Selon l’article 553 du code de procédure civile, en cas d’indivisibilité à l’égard de plusieurs parties, l’appel de l’une produit effet à l’égard des autres même si celles-ci ne se sont pas jointes à l’instance ; l’appel formé contre l’une n’est recevable que si toutes sont appelées à l’instance.
En l’espèce, la SARL KENYS a été assignée par la société CGD devant le tribunal mixte de commerce de Saint-Denis-de-la-Réunion en paiement de dommages et intérêts résultant de la rupture abusive et brutale du contrat de franchise par la société SOCAK et à la violation de son obligation de non concurrence dont la SARL KENYS aurait été complice.

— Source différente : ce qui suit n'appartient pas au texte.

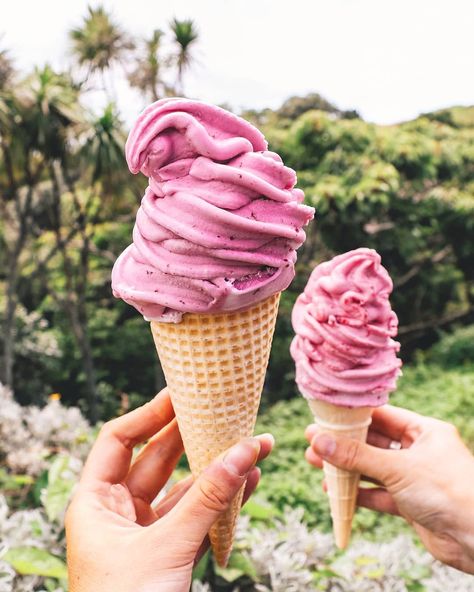 Is it a New Zealand summer without a real fruit ice cream? 🍦 #VisitAuckland . . . . 📸 @thecuriousavocado #auckland #aucklandfood… Real Fruit Ice Cream New Zealand, Real Fruit Ice Cream, Ice Crea, Fruit Ice Cream, Fruit Ice, Exotic Fruit, Summer Recipes, New Zealand, Ice Cream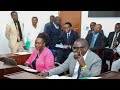 LIVE GOVERNOR SAKAJA BEING GRILLED IN SENATE LIVE GOVERNOR SAKAJA BEING GRILLED IN SENATE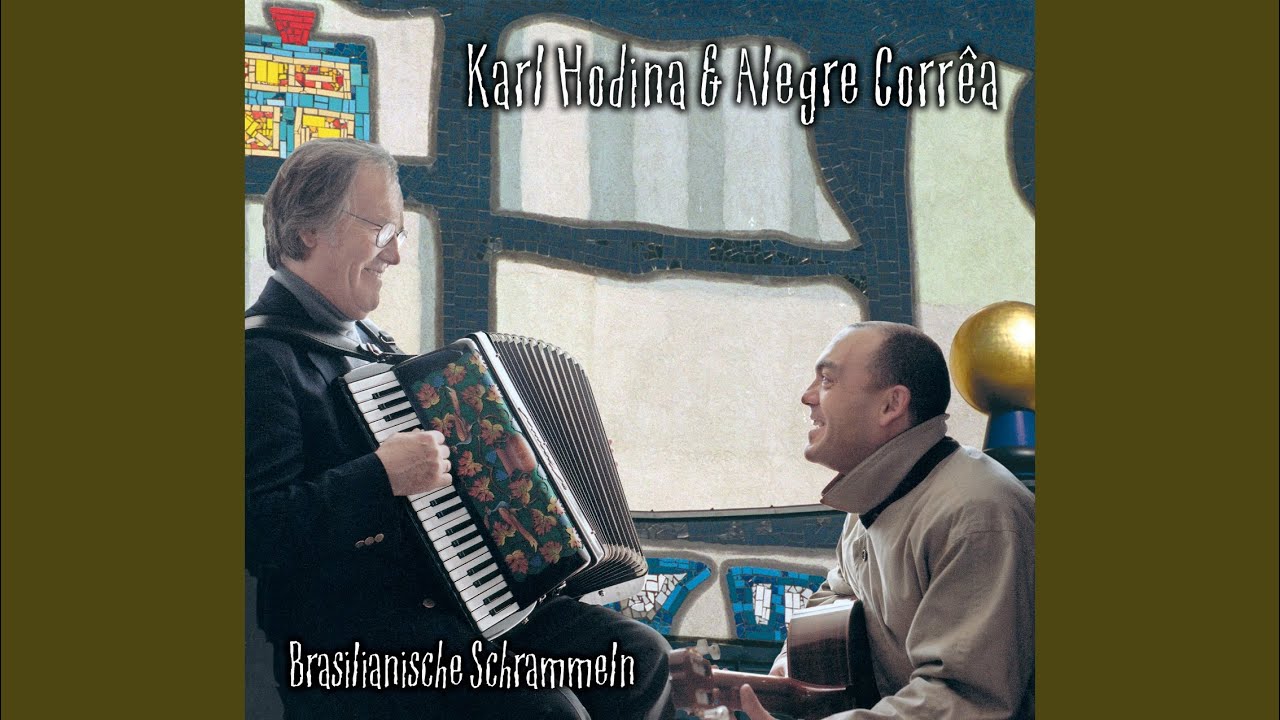 Trude's Lied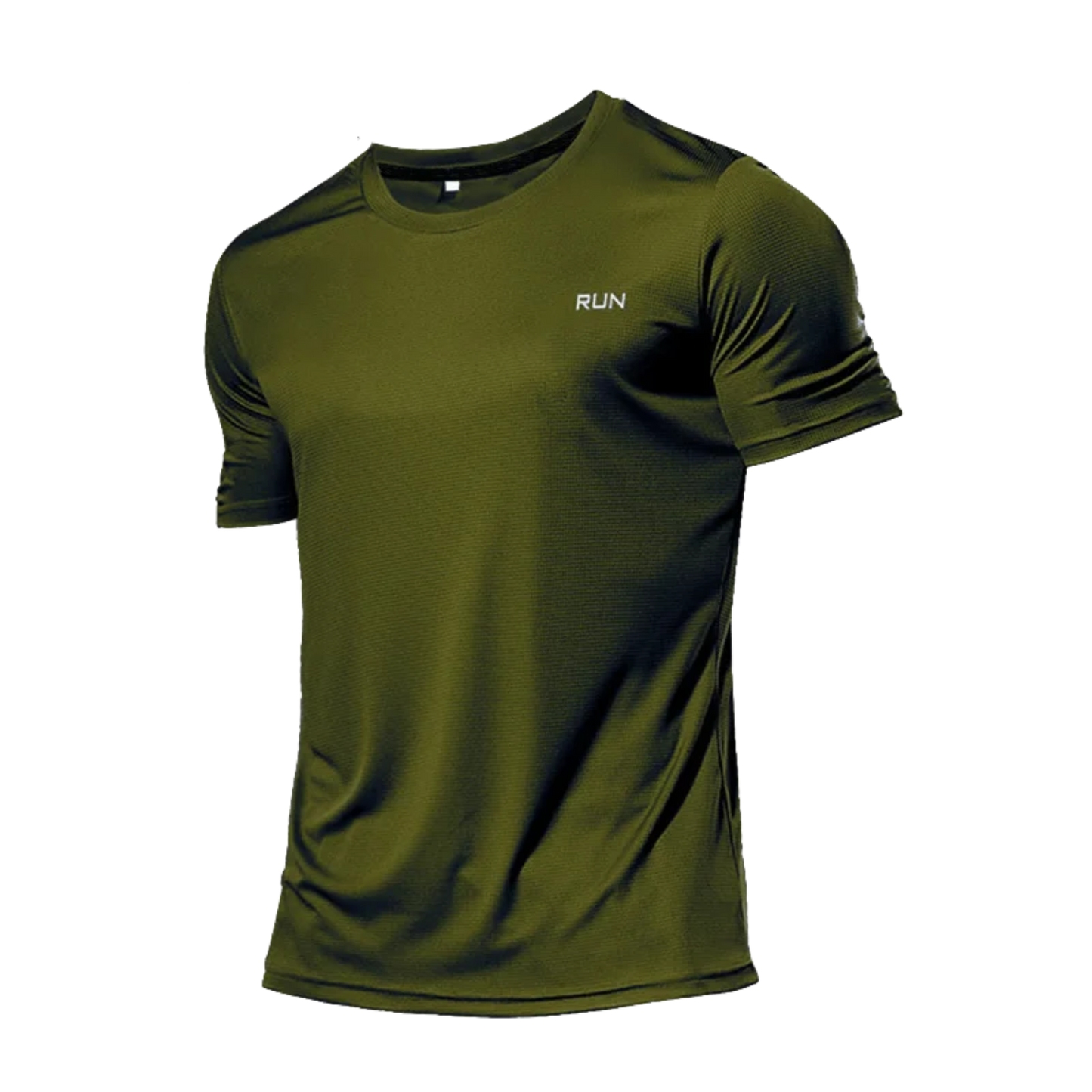 Multicolor Summer Sport Shirt – High-Quality Gym & Running Tee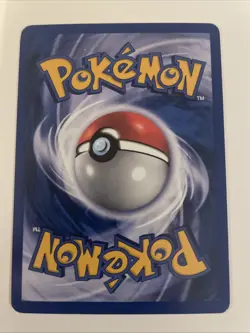 Pokemon TCG Rockets Snorlax 33/132 Gym Heroes Unlimited Card NM - Image 2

Consécutivement à la liquidation judiciaire prononcée le 17 juin 2015 à l’égard de la SARL KENYS, la société CGD a fait assigner en intervention forcée la SELARL HIROU, mandataire judiciaire, ès-qualités de liquidateur judiciaire, dans le cadre de la procédure pendante.
Le jugement querellé du 15 février 2016 est ainsi intervenu en présence de la SELARL HIROU, es-qualités, et de la SARL KENYS.
Eu égard aux liens d’indivisibilité unissant les parties à l’instance relative à la fixation de la créance au titre des dommages et intérêts invoqués par la société CGD, la déclaration d’appel devait ainsi être régularisée à l’égard du mandataire judiciaire et distinctement de la société débitrice détentrice d’un
droit propre, afin que cette dernière soit régulièrement intimée dans le cadre de la procédure d’appel.
Or, la déclaration d’appel formée par la société CGD n’a pas visé la SARL KENYS et ne lui a pas été au surplus signifiée.
Au surplus, à la date où la cour statue, la procédure n’a pas été régularisée à l’égard de la SARL KENYS.
En conséquence, l’appel sera déclaré irrecevable.
Sur les frais irrépétibles et les dépens':
La société CGD qui succombe, sera condamnée aux entiers dépens de la procédure d’appel.
Compte tenu de la solution donnée au litige, il n’apparaît pas inéquitable de laisser aux parties la charge de leurs propres frais non compris dans les dépens, de sorte que les demandes formées au titre de l’article 700 du code de procédure civile seront rejetées.
PAR CES MOTIFS
La Cour, statuant publiquement, par décision réputée contradictoire, en matière commerciale et en dernier ressort, par mise à disposition au Greffe conformément à l’article 451 alinéa 2 du Code de procédure civile,
Déclare irrecevable l’appel interjeté le 27 juin 2016 à l’égard de la SELARL HIROU, ès-qualités de liquidateur judiciaire de la SARL KENYS';
Rejette les demandes formées sur le fondement de l’article 700 du code de procédure civile';
Condamne la SAS CAILLE GRANDE DISTRIBUTION (société CGD) aux dépens’de la procédure d’appel.
Le présent arrêt a été signé par Madame Pauline FLAUSS, Conseillère faisant fonction de Présidente, et par Madame Nathalie BEBEAU, Greffière à laquelle la minute de la décision a été remise par le magistrat signataire.